RECORDS FOR THE EXERCISE

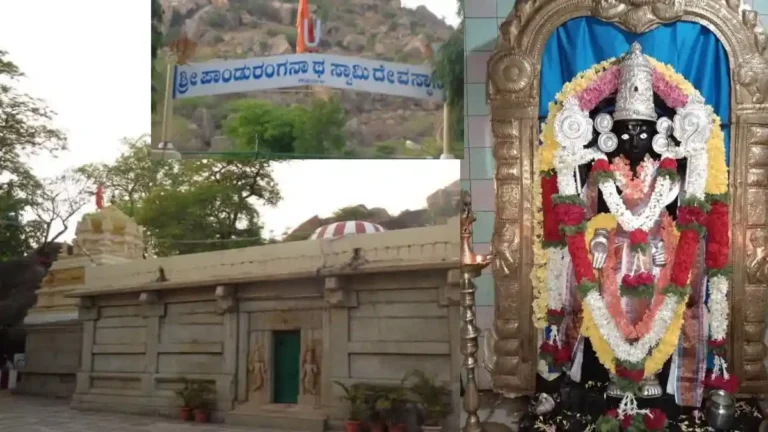 ನಮ್ಮ ಊರು ನಮ್ಮ ಹೆಮ್ಮೆ | ಚಿತ್ರದುರ್ಗ : ಪಂಡರಹಳ್ಳಿ ಬೆಟ್ಟದ ಪರಿಚಯ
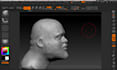 do 3d likeliness sculpture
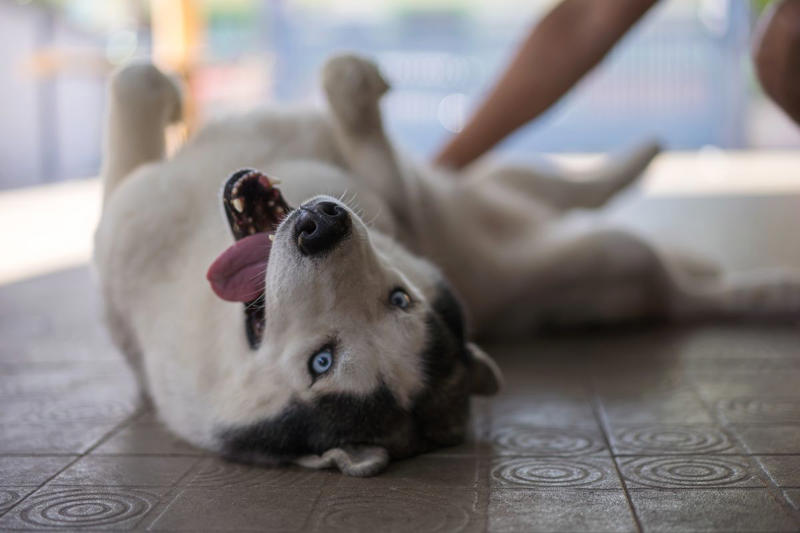 6) Siberian Husky 1) Dachshund, 2) Shiba Inu, 3) Golden Retriever, 4) Pembroke Welsh Corgi, 5) Pomeranian, 6) Siberian Husky, 7) Samoyed, 8) Toy Poodle, 9) Papillon, 10) Bichon Frisé, 11) Newfoundland, 12) Chow-chow, 13) Maltipoo, 14) Border Collie, 16) Shih Tzu, 17) Australian Shepherd, 18) American Staffordshire Terrier, 19) Beagle, 20) Shetland Sheepdog, 21) Yorkshire Terrier, 22) French Bulldog, 23) English Setter, 24) Bernese Mountain Dog, 25) Dalmatian, 27) Cairn Terrier, 29) Soft Coated Wheaten Terrier, 30) Welsh Springer Spaniel, 31) Cocker Spaniel, 32) Brittany, 33) Basenji, 34) Bearded Collie, 35) Great Dane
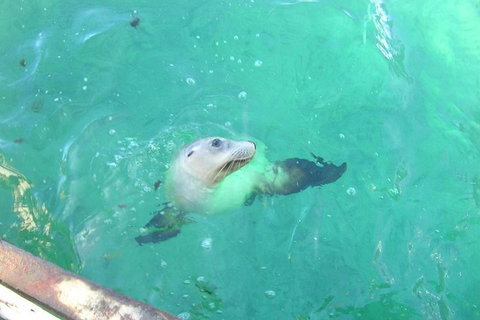 Abrolhos Islands Scenic Flight & Snorkel Adventure From Perth - Attractions Brisbane 5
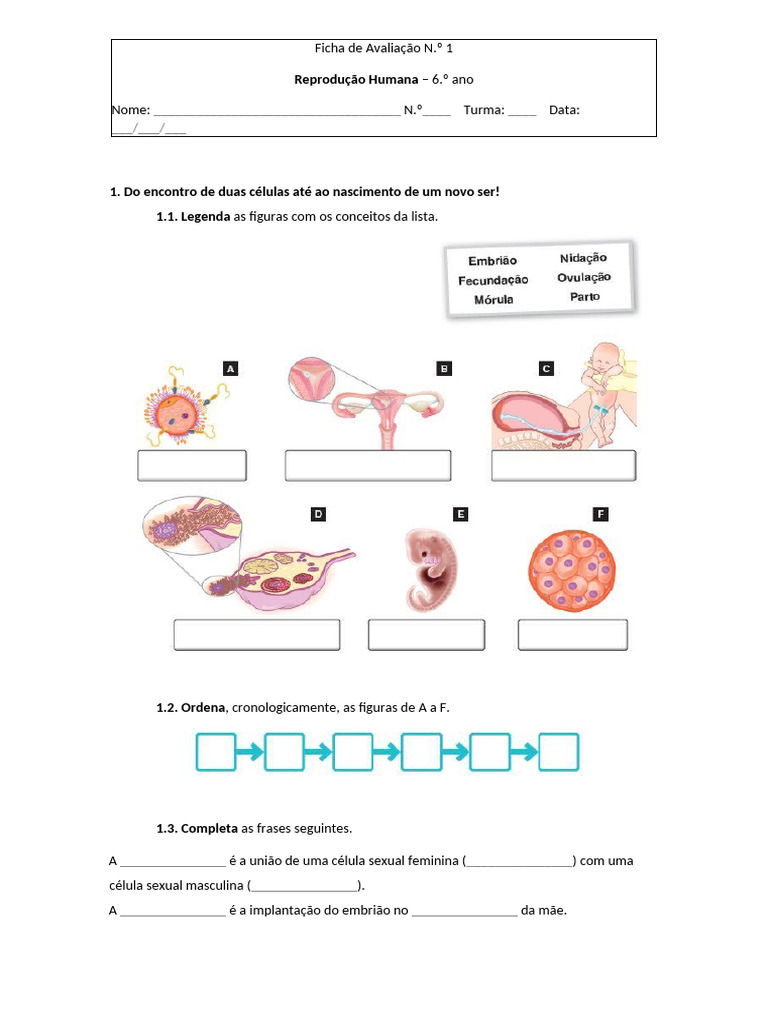 6º Reprodução Humana | PDF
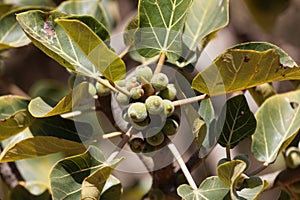 Fruits of a sycamore fig, Ficus sycomorus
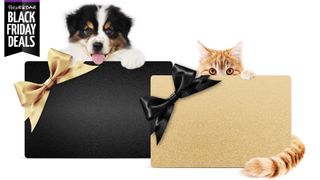 Cyber Monday Deals Petco, Dog in black gift bag and ginger kitten in gold gift bag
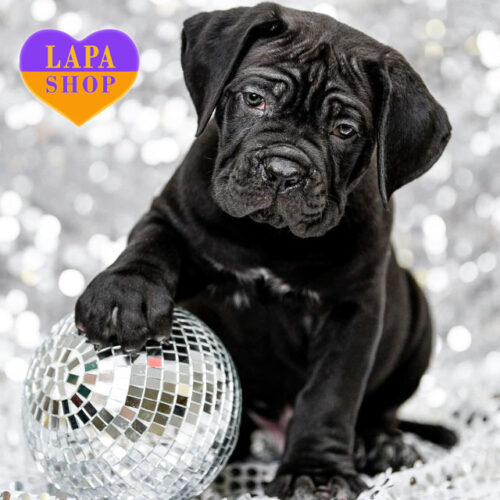 Черный мальчик кане корсо ждет своей семьи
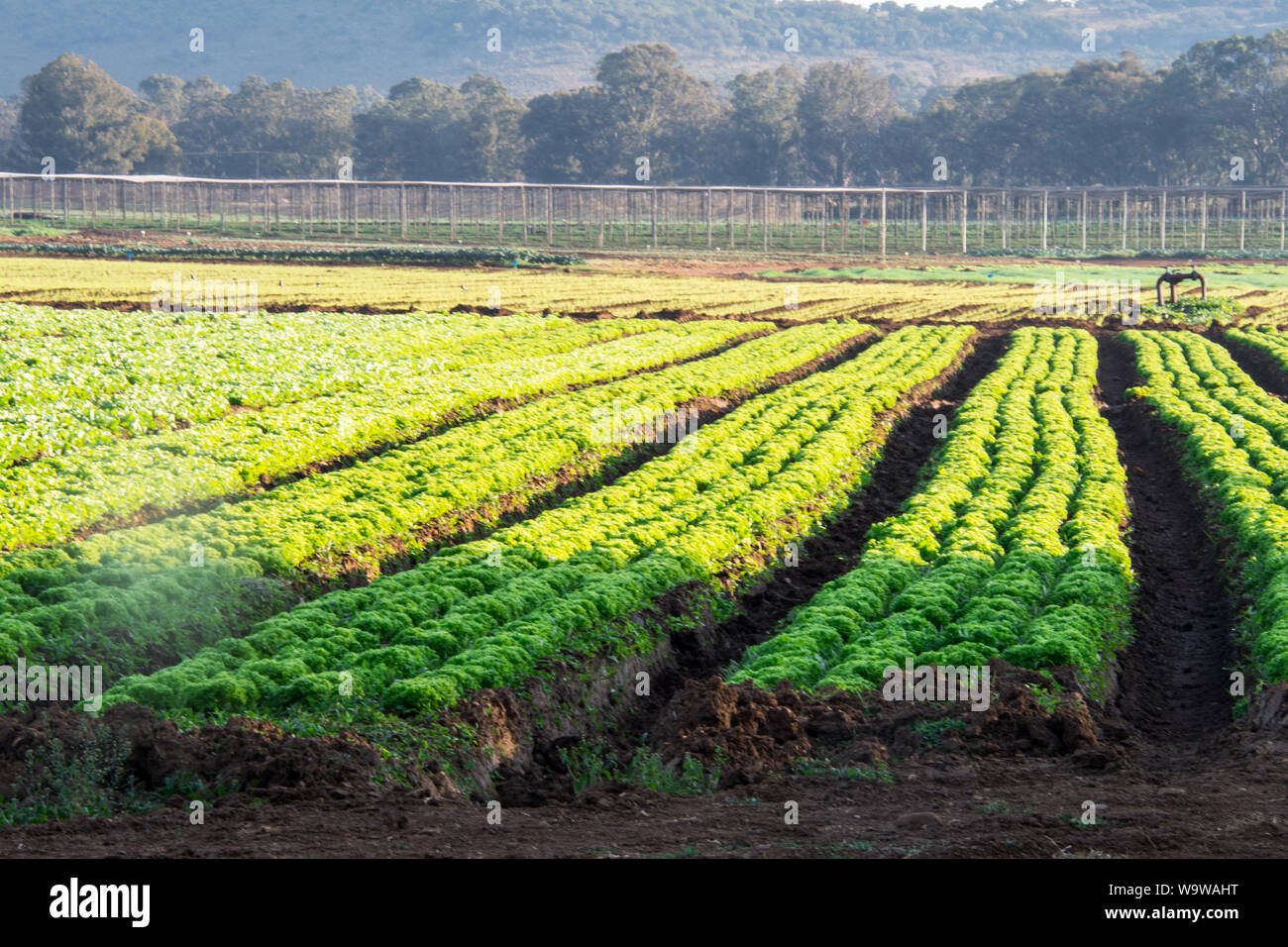 Commerciale giardinaggio vegetali con definito chiaramente le righe di verde veggie o colture vegetali che crescono in terreni ricchi in bella luce del sole sotto un cielo azzurro Foto Stock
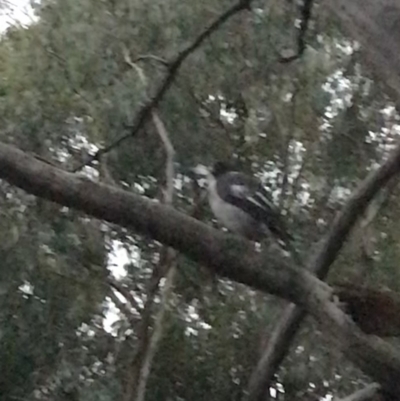 Cracticus torquatus (Grey Butcherbird) at Garran, ACT - 8 Feb 2021 by Tapirlord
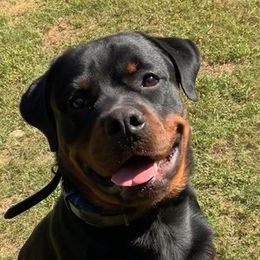 Rottweilers from Ramos Rotts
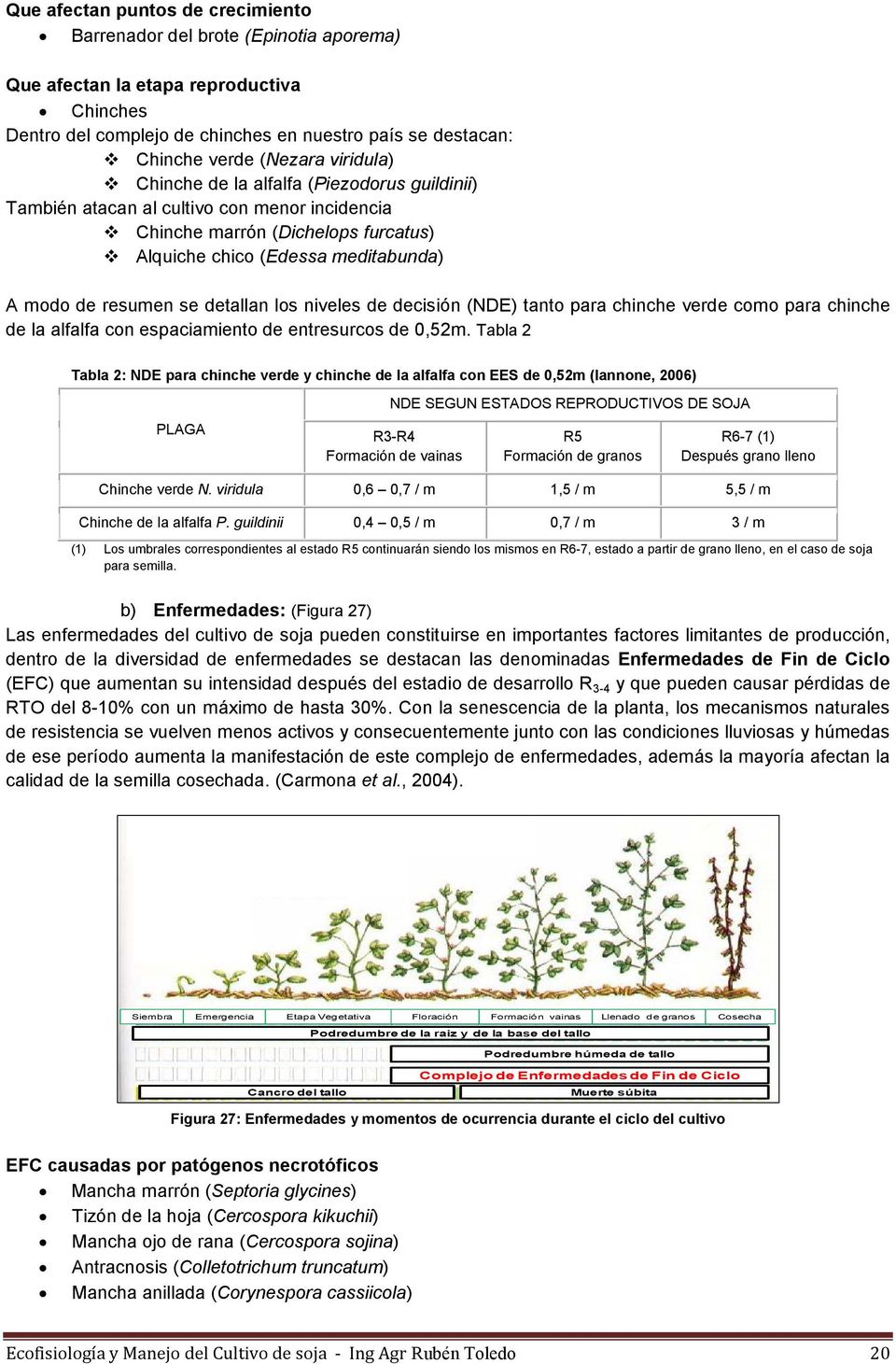 detallan los niveles de decisión (NDE) tanto para chinche verde como para chinche de la alfalfa con espaciamiento de entresurcos de 0,52m.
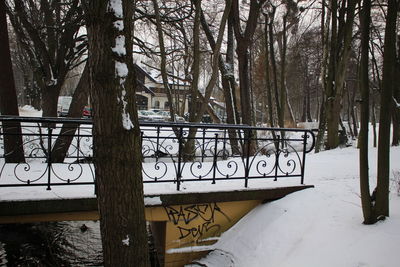 Snow covered trees in winter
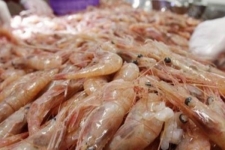 پرورش و تکثیر میگوی زینتی در شهرستان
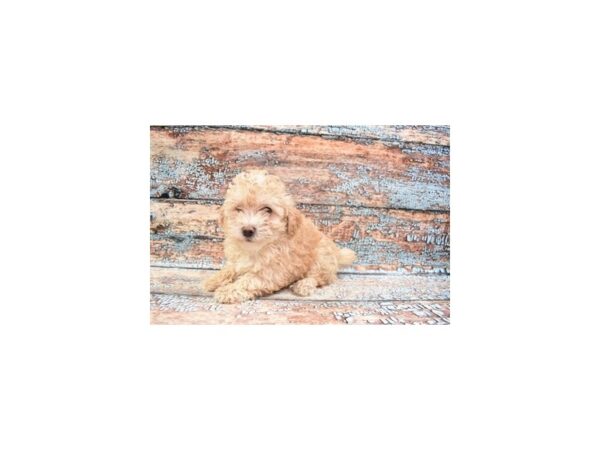 Poodle DOG Male Apricot 6264 Petland San Antonio, TX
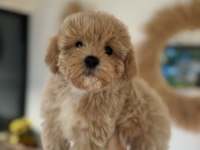 Büyümeme garantili tüy dökmeyen maltipoo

WHAT YOU ARE ASKED TO DO
With the pictures omitted, print the lines above exactly, beginning at the line with "Rottweilers from Ramos Rotts" and going on through the line with "Poodle DOG Male".

EXERCISE ANSWER
 Rottweilers from Ramos Rotts
 detallan los niveles de decisión (NDE) tanto para chinche verde como para chinche de la alfalfa con espaciamiento de entresurcos de 0,52m.
 Snow covered trees in winter
 پرورش و تکثیر میگوی زینتی در شهرستان
 Poodle DOG Male Apricot 6264 Petland San Antonio, TX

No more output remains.